When to write DSL JSON by hand

Most users should start from schema_infer(), edit the result with schema_add_field(), schema_set_desc(), schema_set_keys(), and related helpers, then save with schema_write(). Hand-written JSON is useful when:

  • a schema is part of a package or analysis configuration;
  • a non-R workflow needs to review or patch the schema text;
  • you want stable schema fixtures for tests;
  • you are translating an existing input contract into a compact R schema.

Prefer small, explicit schemas. Use $defs and $ref when the same child schema appears repeatedly, and use groups when several sibling fields share one rule.

Helper mapping

The R helpers create the same JSON shapes documented below:

R helper DSL keyword
schema_check() check
schema_ref() $ref
schema_all() all
schema_any() any
schema_one() one
schema_not() not
schema_group() groups[]

Formal reference

Core principles

  1. Each schema node has exactly one primary operator.
  2. The primary operator must be one of:
    • check
    • all
    • any
    • one
    • not
    • $ref
  3. A check node uses check.kind to select a supported checkmate::assert_*() suffix.
  4. All keys inside check other than kind are passed directly to assert_<kind>().
  5. There is no checks keyword in this grammar; use all for conjunction.
  6. Container kinds are:
    • list
    • data_frame
    • data_table
    • tibble
  7. fields, groups, patterns, positions, rest, and keys are only valid on check nodes whose check.kind is a container kind.
  8. positions maps 1-based positions to child schemas for unnamed lists.
  9. rest is the child schema for otherwise unspecified object fields or unnamed list elements.
  10. patterns maps regular expressions to child schemas for otherwise unspecified object fields whose names match those patterns.
  11. groups can batch-assign multiple field names to one shared child schema node.
  12. A top-level schema document may optionally declare version as a non-empty string representing the document version.
  13. Root-level $defs can store reusable schema nodes and $ref can reuse them.
  14. Inside all / any / one / not, a branch may use shorthand check syntax without an explicit check wrapper.

Reserved schema DSL keys

The following keys are reserved by the schema DSL:

  • check
  • all
  • any
  • one
  • not
  • fields
  • groups
  • patterns
  • positions
  • rest
  • keys
  • description
  • $defs
  • $ref
  • version

$defs and version are document-level keys.

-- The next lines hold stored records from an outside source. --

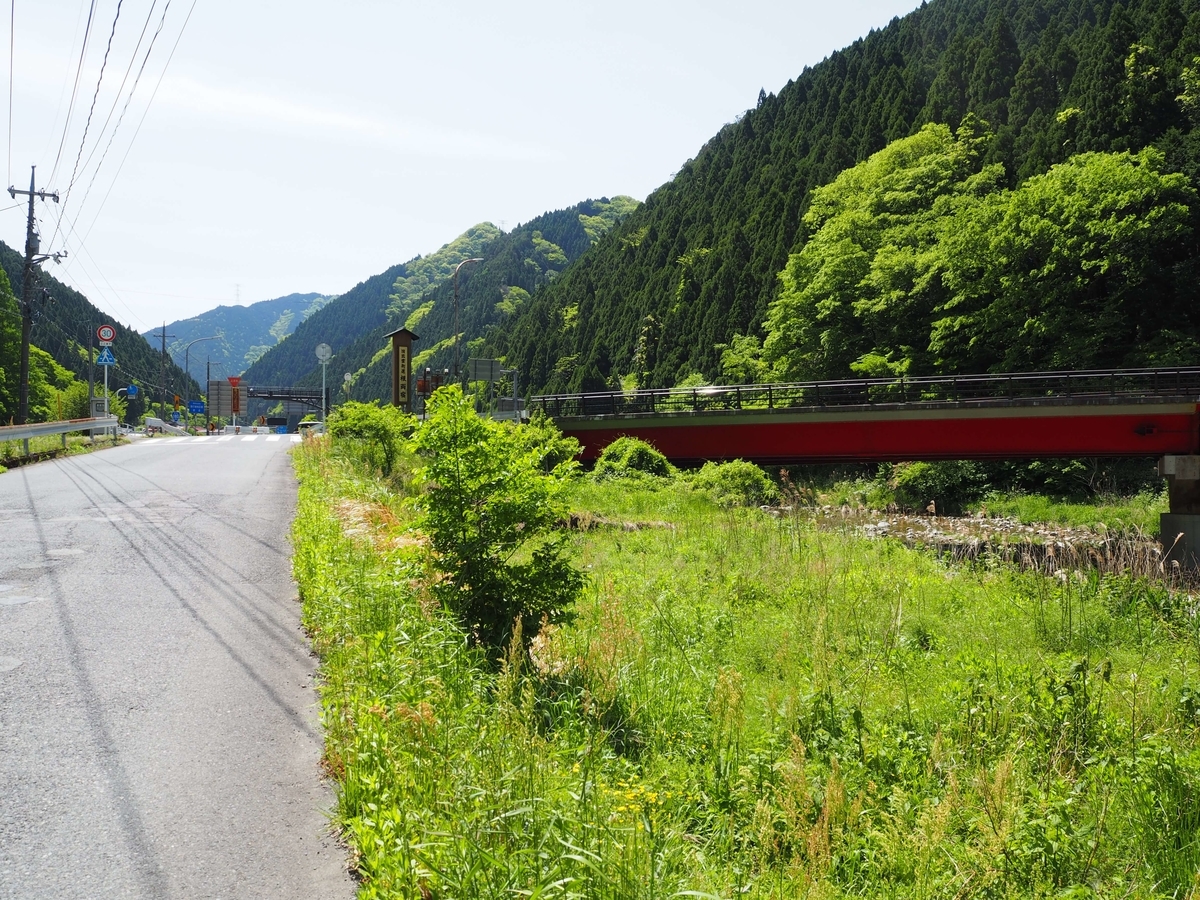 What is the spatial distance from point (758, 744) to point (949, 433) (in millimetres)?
22049

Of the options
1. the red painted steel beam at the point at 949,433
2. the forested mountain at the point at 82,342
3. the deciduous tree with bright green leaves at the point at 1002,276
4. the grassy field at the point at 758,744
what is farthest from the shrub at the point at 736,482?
the forested mountain at the point at 82,342

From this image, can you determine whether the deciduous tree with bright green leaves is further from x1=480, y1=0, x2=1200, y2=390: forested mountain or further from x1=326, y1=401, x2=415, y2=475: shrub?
x1=326, y1=401, x2=415, y2=475: shrub

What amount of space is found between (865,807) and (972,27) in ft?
314

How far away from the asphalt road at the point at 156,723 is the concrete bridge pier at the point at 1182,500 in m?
22.8

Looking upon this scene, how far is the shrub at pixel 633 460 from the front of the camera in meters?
27.4

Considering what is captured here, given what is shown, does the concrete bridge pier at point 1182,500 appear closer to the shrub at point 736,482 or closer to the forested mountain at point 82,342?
the shrub at point 736,482

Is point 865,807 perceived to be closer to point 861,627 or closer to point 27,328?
→ point 861,627

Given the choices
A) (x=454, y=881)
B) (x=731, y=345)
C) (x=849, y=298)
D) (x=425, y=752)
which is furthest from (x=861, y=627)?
(x=731, y=345)

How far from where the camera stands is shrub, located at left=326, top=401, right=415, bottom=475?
65.4 feet

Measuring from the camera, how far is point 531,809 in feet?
11.9

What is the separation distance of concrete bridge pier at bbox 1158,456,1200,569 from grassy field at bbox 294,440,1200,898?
14.0 m

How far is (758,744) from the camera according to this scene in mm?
5848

They are only valid on the top-level schema document and must not appear inside nested schema nodes or shorthand combinator branches.

Field names and field-name rules from the validated data do not appear at the node top level. They appear inside:

  • fields
  • groups[].names
  • patterns
  • $defs definition names

Top-level schema document

A schema document contains:

  • an optional version string
  • an optional $defs object
  • exactly one root schema node

Example:

{
  "version": "1.0.0",
  "$defs": {
    "text": { "check": { "kind": "string" } }
  },
  "description": "root alias",
  "$ref": "#/$defs/text"
}

version is document metadata only. It describes the schema document version and does not alter node parsing or validation semantics.

For canonical serialization via as.list(), top-level keys are emitted in this order when present:

  1. version
  2. $defs
  3. the root schema node keys

Container check nodes

Only the following check.kind values are treated as container checks:

  • list
  • data_frame
  • data_table
  • tibble

Only these container checks may carry:

  • keys
  • fields
  • groups

All non-container check.kind values must reject these keys.

Node forms

Check node

A check node has the form:

{
  "check": {
    "kind": "string",
    "pattern": "^[0-9]+$",
    "null.ok": true
  }
}

Rules:

  • check must be an object.
  • check.kind must be a non-empty string.
  • check.kind must name a supported checkmate::assert_*() suffix.
  • All other keys inside check are forwarded to assert_<kind>().

Examples:

  • "string" -> assert_string()
  • "list" -> assert_list()
  • "choice" -> assert_choice()
  • "int" -> assert_int()
  • "number" -> assert_number()
  • "flag" -> assert_flag()
  • "data_frame" -> assert_data_frame()

Unknown kind values should be rejected during schema parsing.

all

all is a non-empty array of child schemas.

The node is valid only if all child schemas validate successfully.

Example:

{
  "all": [
    { "kind": "string" },
    { "kind": "choice", "choices": ["a", "b", "c"] }
  ]
}

any

any is a non-empty array of child schemas.

The node is valid if at least one child schema validates successfully.

Example:

{
  "any": [
    { "kind": "int", "lower": 0 },
    { "kind": "string", "pattern": "^[0-9]+$" }
  ]
}

one

one is a non-empty array of child schemas.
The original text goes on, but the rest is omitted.